ActiveRecord
A comprehensive look at and around the pattern.
The Goal
The goal of this post is to contain as much information related to the ActiveRecord pattern as possible.
My motivation is in the fact that I've found it difficult to engage developers in analysis of this pattern due to political factors.
Do you want me to update something? Post in the comments and I'll work it in. Attribution will be listed at the bottom of the article.
To-do
- Make more of a distinction between current ActiveRecord implementations and the essence of the pattern itself.
- Ensure that language is written as neutral as possible so as not to give pattern-extremists fuel one way or another. Focus on the trade-offs.
- Explain cohesion in more thorough detail with examples.

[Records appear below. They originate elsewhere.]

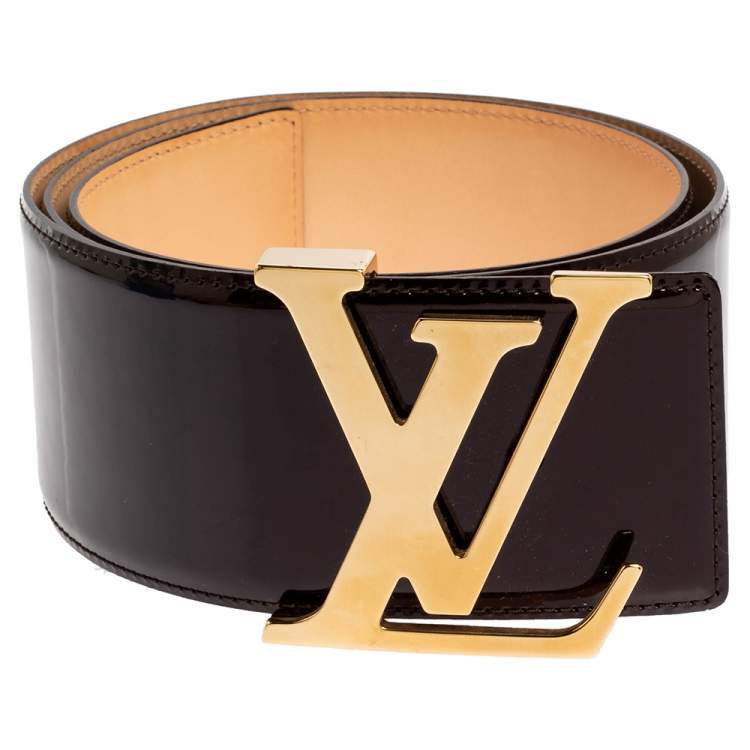 Louis Vuitton, Accessories, Louis Vuitton Initiales Large Wide Gold  Detail Black Leather Waist Belt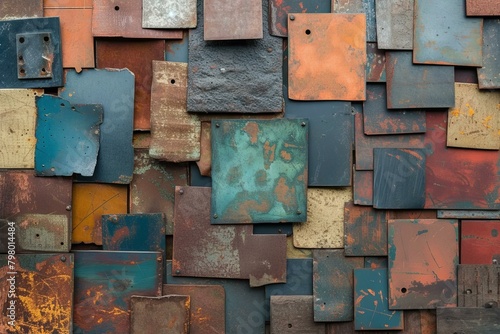 b'Rusted and painted metal plates background texture'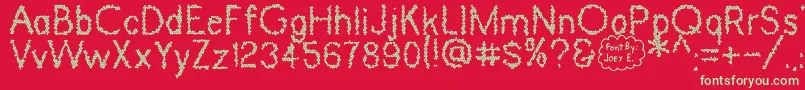 Шрифт DinosaurSkin – зелёные шрифты на красном фоне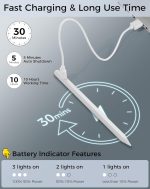 ⁦قلم ستايلس لايباد الجيل 9 و10، شحن سريع لقلم آبل ايباد مع خاصية رفض راحة اليد، متوافق مع ايباد 2018-2024 الجيل 10/9/8/7/6، ايباد برو 13 بوصة M4/12.9 بوصة/11 بوصة، ايباد اير 3/4/5/M2، ايباد ميني 5/6⁩ - الصورة ⁦3⁩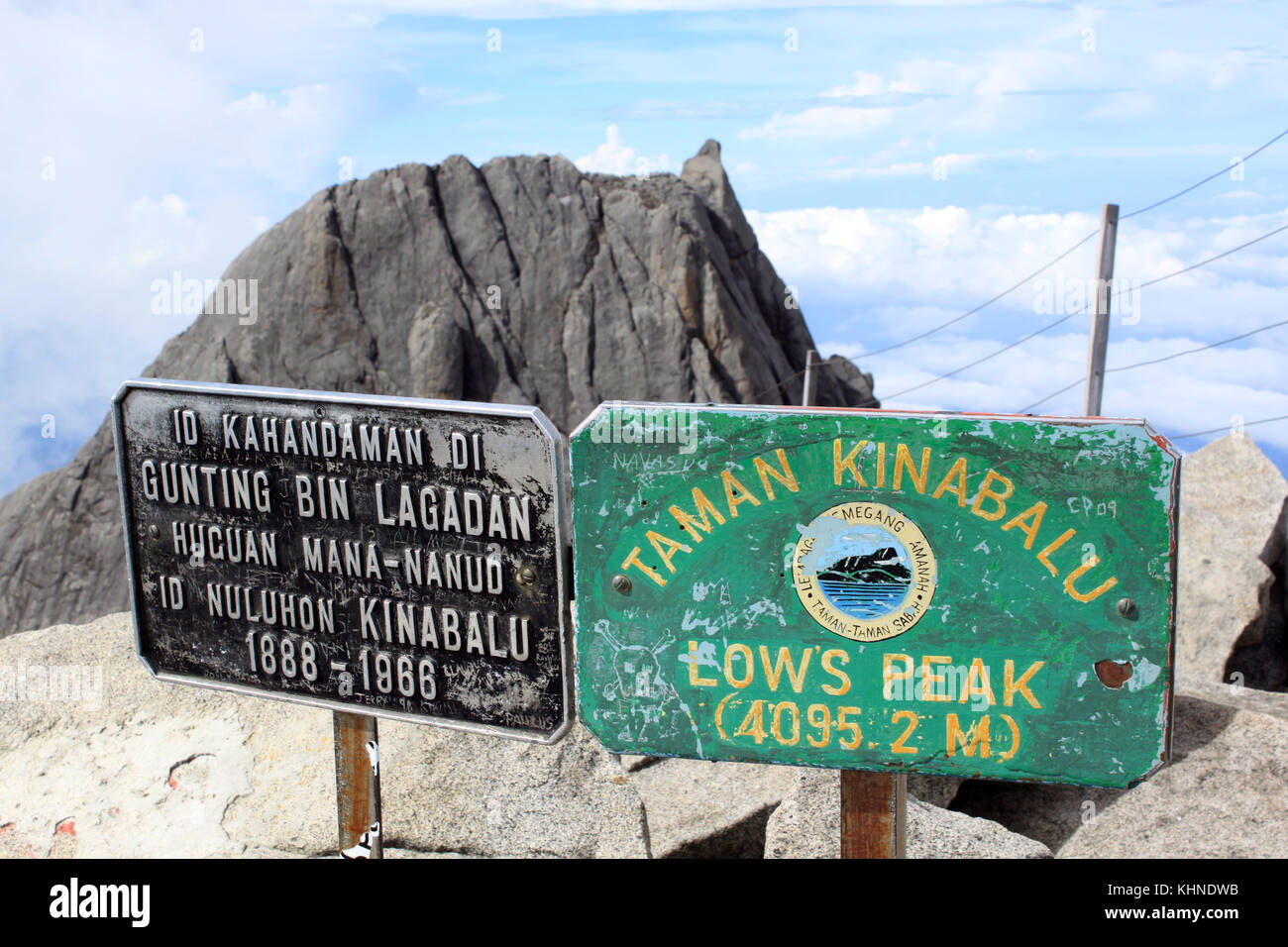 Signs on the summit of mount Kinabalu in Sabah, Borneo, Malaysia Stock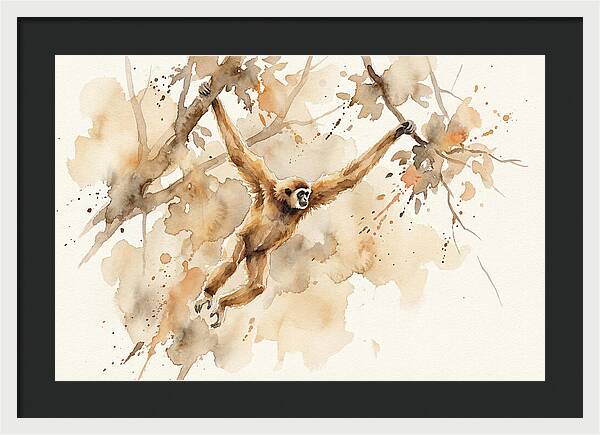 Gibbon Swinging Through Branches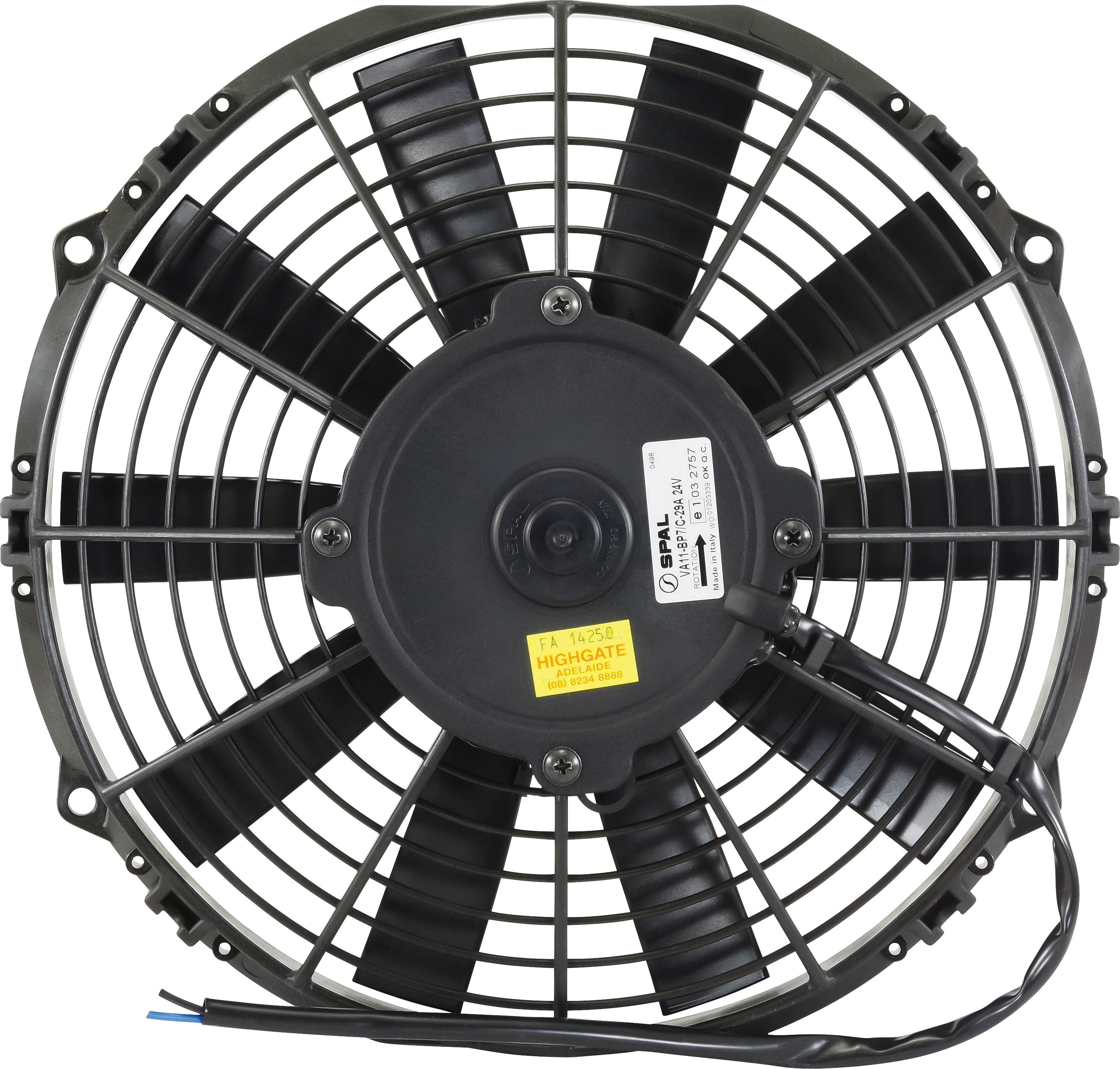 FAN, CONDENSER, SPAL, 24V, 255MM (10 INCH), PULLER, STRAIGHT BLADE, PREMIUM MOTOR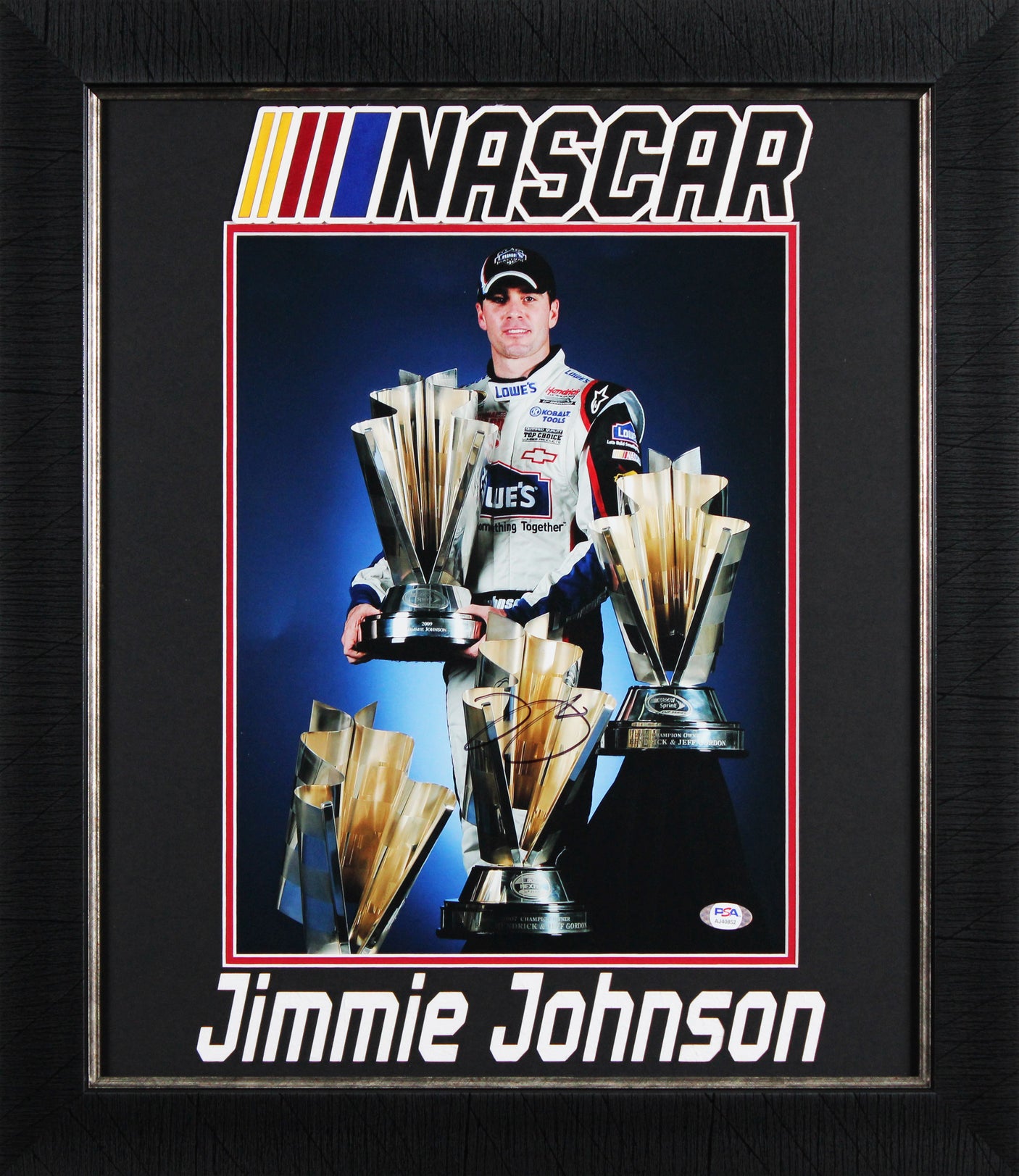 Jimmie Johnson NASCAR Authentic Signed 11x14 Framed Photo PSA/DNA #AJ40852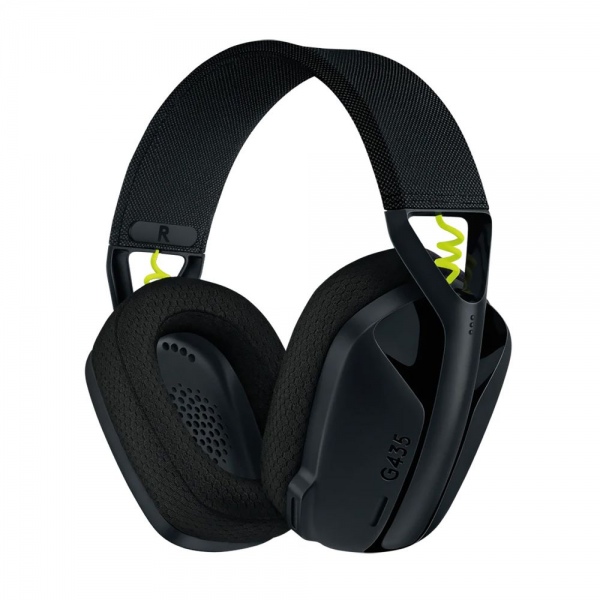 Гарнитура игровая Logitech G435 Black черная, беспроводная, накладной тип, дифузоры 40мм, 20 Гц - 20 кГц, USB Lightspeed + Bluetooth, кабель для зарядки USB-C - USB-A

Understanding the Nature of a Pattern
The ActiveRecord pattern is neither good nor bad. It is only in the analysis of the aggregation of its trade-offs that it can be understood. The determination of whether or not it's an appropriate tool for a specific context should be left up to the developer, whose job is to make this contextual judgement.
Important Prerequisite Information
The following is an excerpt from my Domain Modeling post. It's included as it's necessary to follow the rest. Feel free to skip down to 'Serializing to and Deserializing from Data Storage' section if you are familiar with it.
What is a Domain?
Software modules operate against a context. That context may be the rendering of windows, the construction of HTTP responses, database persistence, or the definition of business requirements.
The context of the problem in which a module is designed as a solution is called the domain. All applicable contexts of a module are the module's domain.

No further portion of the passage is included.